_EXERCISE REQUIREMENTS_
Transcribe the records word for word, beginning with the first line and ending with the line that contains "Madrid durante la"; include nothing else.

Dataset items
§ §

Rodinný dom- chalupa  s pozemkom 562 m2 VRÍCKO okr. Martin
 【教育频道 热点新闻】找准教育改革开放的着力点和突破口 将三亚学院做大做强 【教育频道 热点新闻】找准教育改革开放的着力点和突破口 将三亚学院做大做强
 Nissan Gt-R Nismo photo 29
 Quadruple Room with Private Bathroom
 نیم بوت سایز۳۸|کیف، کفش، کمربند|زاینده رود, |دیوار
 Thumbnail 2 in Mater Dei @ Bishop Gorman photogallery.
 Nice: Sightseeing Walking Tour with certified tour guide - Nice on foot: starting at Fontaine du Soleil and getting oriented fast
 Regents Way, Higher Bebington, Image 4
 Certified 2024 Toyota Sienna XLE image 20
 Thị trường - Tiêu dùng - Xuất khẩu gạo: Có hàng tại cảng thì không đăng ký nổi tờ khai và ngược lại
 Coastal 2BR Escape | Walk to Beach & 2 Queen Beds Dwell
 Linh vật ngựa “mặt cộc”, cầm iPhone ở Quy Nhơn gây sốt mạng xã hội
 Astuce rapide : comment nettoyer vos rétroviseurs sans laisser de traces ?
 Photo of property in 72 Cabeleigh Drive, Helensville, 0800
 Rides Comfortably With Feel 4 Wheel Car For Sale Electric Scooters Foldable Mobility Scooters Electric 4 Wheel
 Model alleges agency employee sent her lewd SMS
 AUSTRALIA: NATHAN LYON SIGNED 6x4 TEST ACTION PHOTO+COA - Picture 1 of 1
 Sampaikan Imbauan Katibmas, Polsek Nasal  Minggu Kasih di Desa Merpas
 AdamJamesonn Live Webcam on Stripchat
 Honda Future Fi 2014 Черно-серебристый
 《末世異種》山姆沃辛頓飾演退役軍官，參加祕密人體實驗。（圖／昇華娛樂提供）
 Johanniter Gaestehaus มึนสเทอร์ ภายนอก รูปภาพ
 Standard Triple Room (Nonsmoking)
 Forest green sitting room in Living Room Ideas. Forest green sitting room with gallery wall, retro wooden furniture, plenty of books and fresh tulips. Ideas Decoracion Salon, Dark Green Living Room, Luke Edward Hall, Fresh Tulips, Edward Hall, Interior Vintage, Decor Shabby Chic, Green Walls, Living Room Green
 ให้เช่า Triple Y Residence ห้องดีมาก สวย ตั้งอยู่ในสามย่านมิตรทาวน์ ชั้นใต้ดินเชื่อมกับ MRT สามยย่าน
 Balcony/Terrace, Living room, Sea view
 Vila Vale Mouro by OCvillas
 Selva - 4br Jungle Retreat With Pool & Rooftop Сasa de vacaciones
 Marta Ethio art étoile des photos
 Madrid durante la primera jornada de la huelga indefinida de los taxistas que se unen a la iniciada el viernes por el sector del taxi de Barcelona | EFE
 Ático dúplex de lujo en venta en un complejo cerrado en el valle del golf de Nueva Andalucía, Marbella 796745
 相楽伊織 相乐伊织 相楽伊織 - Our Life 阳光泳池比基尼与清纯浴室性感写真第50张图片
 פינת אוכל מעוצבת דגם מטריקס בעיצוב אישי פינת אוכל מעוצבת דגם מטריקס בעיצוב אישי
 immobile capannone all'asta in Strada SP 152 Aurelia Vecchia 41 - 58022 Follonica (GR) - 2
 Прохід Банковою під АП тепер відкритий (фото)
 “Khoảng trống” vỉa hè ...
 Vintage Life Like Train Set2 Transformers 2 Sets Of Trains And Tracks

§ §

_SOLVED PROBLEM_
Rodinný dom- chalupa  s pozemkom 562 m2 VRÍCKO okr. Martin
 【教育频道 热点新闻】找准教育改革开放的着力点和突破口 将三亚学院做大做强 【教育频道 热点新闻】找准教育改革开放的着力点和突破口 将三亚学院做大做强
 Nissan Gt-R Nismo photo 29
 Quadruple Room with Private Bathroom
 نیم بوت سایز۳۸|کیف، کفش، کمربند|زاینده رود, |دیوار
 Thumbnail 2 in Mater Dei @ Bishop Gorman photogallery.
 Nice: Sightseeing Walking Tour with certified tour guide - Nice on foot: starting at Fontaine du Soleil and getting oriented fast
 Regents Way, Higher Bebington, Image 4
 Certified 2024 Toyota Sienna XLE image 20
 Thị trường - Tiêu dùng - Xuất khẩu gạo: Có hàng tại cảng thì không đăng ký nổi tờ khai và ngược lại
 Coastal 2BR Escape | Walk to Beach & 2 Queen Beds Dwell
 Linh vật ngựa “mặt cộc”, cầm iPhone ở Quy Nhơn gây sốt mạng xã hội
 Astuce rapide : comment nettoyer vos rétroviseurs sans laisser de traces ?
 Photo of property in 72 Cabeleigh Drive, Helensville, 0800
 Rides Comfortably With Feel 4 Wheel Car For Sale Electric Scooters Foldable Mobility Scooters Electric 4 Wheel
 Model alleges agency employee sent her lewd SMS
 AUSTRALIA: NATHAN LYON SIGNED 6x4 TEST ACTION PHOTO+COA - Picture 1 of 1
 Sampaikan Imbauan Katibmas, Polsek Nasal  Minggu Kasih di Desa Merpas
 AdamJamesonn Live Webcam on Stripchat
 Honda Future Fi 2014 Черно-серебристый
 《末世異種》山姆沃辛頓飾演退役軍官，參加祕密人體實驗。（圖／昇華娛樂提供）
 Johanniter Gaestehaus มึนสเทอร์ ภายนอก รูปภาพ
 Standard Triple Room (Nonsmoking)
 Forest green sitting room in Living Room Ideas. Forest green sitting room with gallery wall, retro wooden furniture, plenty of books and fresh tulips. Ideas Decoracion Salon, Dark Green Living Room, Luke Edward Hall, Fresh Tulips, Edward Hall, Interior Vintage, Decor Shabby Chic, Green Walls, Living Room Green
 ให้เช่า Triple Y Residence ห้องดีมาก สวย ตั้งอยู่ในสามย่านมิตรทาวน์ ชั้นใต้ดินเชื่อมกับ MRT สามยย่าน
 Balcony/Terrace, Living room, Sea view
 Vila Vale Mouro by OCvillas
 Selva - 4br Jungle Retreat With Pool & Rooftop Сasa de vacaciones
 Marta Ethio art étoile des photos
 Madrid durante la primera jornada de la huelga indefinida de los taxistas que se unen a la iniciada el viernes por el sector del taxi de Barcelona | EFE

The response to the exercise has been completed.